Victim 6: Octaciano Banega Galeas
On June 28, Brooks County Sheriff’s Office dispatchers received a call from a man who said he was traveling with another person and that they became lost. The caller told agents one of the men could be dying. Dispatchers contacted Border Patrol officials and provided GPS coordinates from the caller. The agents found the two men on a ranch located west of the Border Patrol checkpoint.
When the agents arrived on the scene, they found one of the men leaning against the man who appeared to be deceased. The men were sitting against a tree in an attempt to seek refuge from the intense afternoon heat.
A short time later, Deputy Mora arrived and observed the remains of the man who had died after the pair were abandoned by their smuggler and left to wander around the brush until they died.
Identification documents located on the victim’s body indicated the man was a 29-year-old Honduran national, Octaciano Banega Galeas.
Officials said the man was carrying a couple of credit cards and a small amount of cash. He was also wearing a what appeared to be a silver ring on his left hand. He also had a compass attached to his wrist.
A justice of the peace declared the Honduran man to be dead and officials transported the body to the Webb County Medical Examiner’s Office for an autopsy.
The second man was treated and taken into custody, Border Patrol officials reported.
Victim 7: Identity Unknown
Brooks County Deputy Emmanuel Galaviz received notification of the county’s 34th migrant death on the morning of July 26. After arriving on a ranch located on U.S. Highway 281, the deputy rendezvoused with Border Patrol agents who had discovered the body of a deceased illegal alien approximately 6 miles inside the ranch.
The migrant had no identifying documents but the deputy found a $100 bill, a $50 bill, and a variety of miscellaneous papers. The report obtained by Breitbart Texas states that the migrant wore a long sleeve shirt, blue jeans, brown boots, black socks, and a black belt. He was carrying a black wallet and a comb at the time of his death.

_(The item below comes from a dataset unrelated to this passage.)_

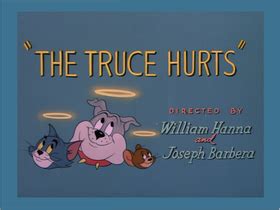 The Truce Hurts - Tom and Jerry Wiki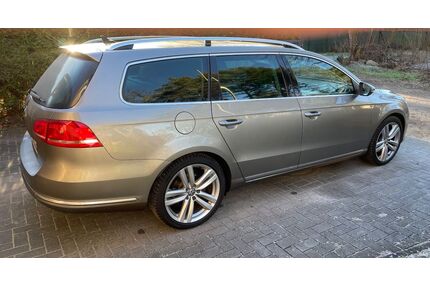 VW Passat Variant Gebrauchtwagen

Some of the papers carried by the deceased man included phone numbers and email addresses that investigators will use to attempt to identify the remains.

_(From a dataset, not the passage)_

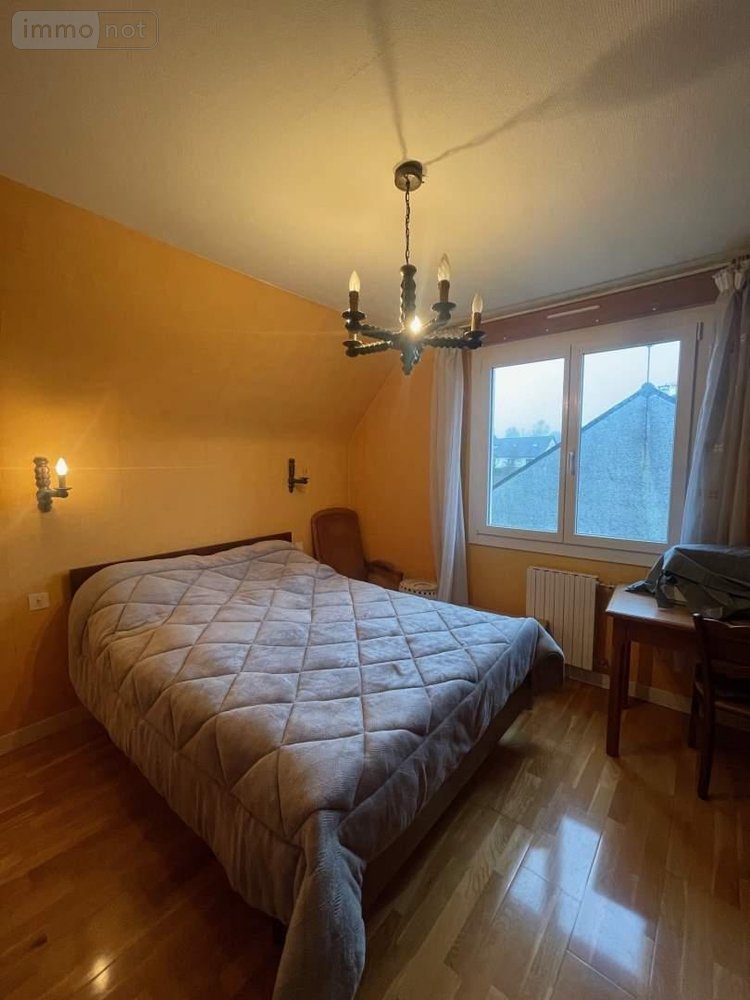 Maison a vendre Châteaubourg 35220 Ille-et-Vilaine 105 m2 6 pièces 289000 euros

Officials turned the unidentified migrant over to a funeral home who will transport the remains to the Webb County Medical Examiner’s Office for possible identification.

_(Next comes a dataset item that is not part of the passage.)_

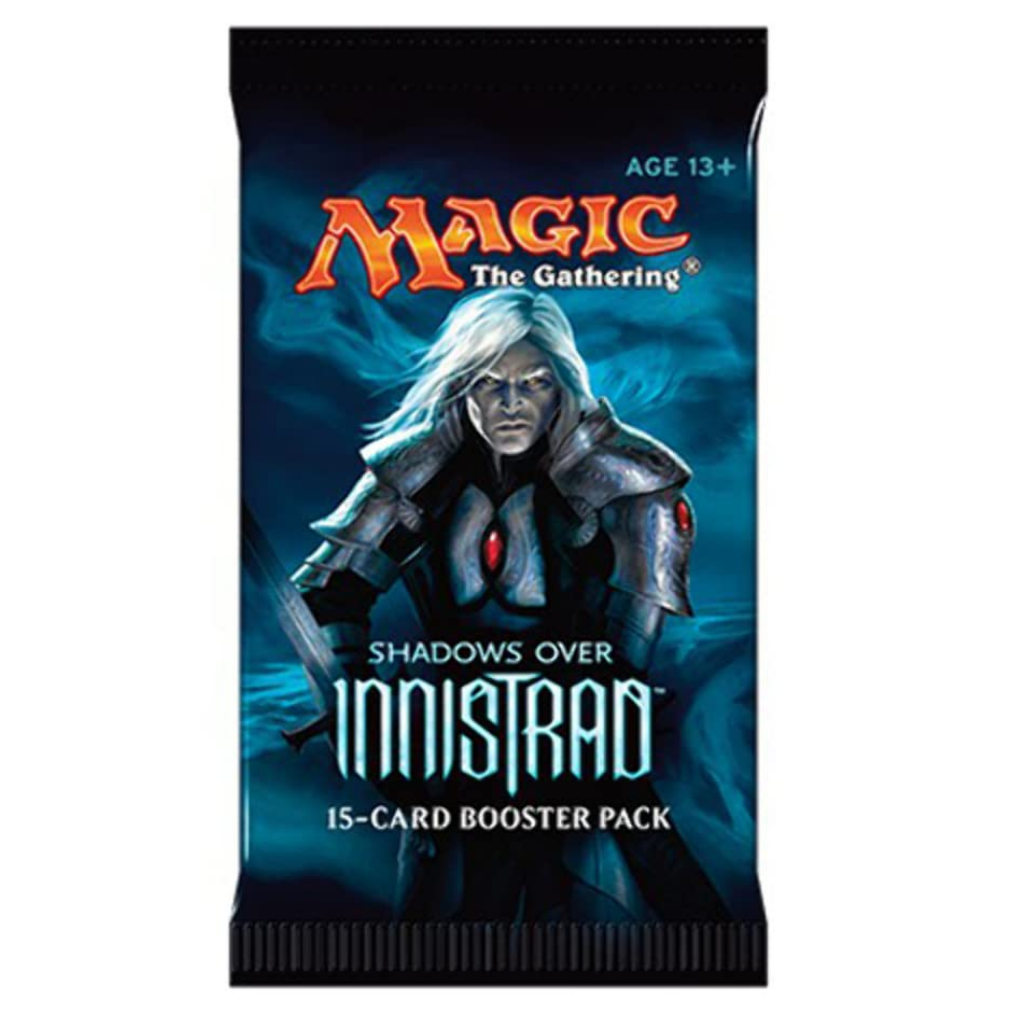 Magic: The Gathering - Shadows over Innistrad Booster Pack - EN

‘False Compassion of Open Borders’
“It is the false compassion of open borders that lead to the deaths of these illegal immigrants and other abuses we find out about,” Sheriff Martinez told Breitbart Texas earlier this week. “These people are abused all along the smuggling pipeline. It comes to a head here in my county where they are often left to die while being smuggled around the Border Patrol’s checkpoint.”
“The death of Mr. Perez is a perfect example of this,” the sheriff said. “We don’t often have a witness of the death to interview after the fact. This young woman had to sit and watch her father die because of the callousness of human smugglers who simply do not care about the health and safety of those who pay them.”
This year, at least 260 illegal immigrants have lost their lives this year in an effort to illegally enter the U.S. along our southwest border with Mexico, according to the Missing Migrant Project. Nearly 15 percent of the national total occurs in this one small county located 80 miles away from the border, according to numbers provided by the Missing Migrant Project and the Brooks County Sheriff’s Office.
Nationally, the number of migrant deaths is up substantially when compared to 2016 and 2017. In 2017, year-to-date numbers revealed the deaths of at least 235 migrants, up from 234 the year before. During the same period in 2015 and 2014, 127 and 92 migrants died during the same period of January 1 through August 21.
In Brooks County, Sheriff Martinez is once again faced with increasing numbers of dead migrants and people continue to march through his county.
“They just keep coming,” the frustrated sheriff said. “As long as the federal government fails to secure the border, they will keep coming — and they will keep dying.”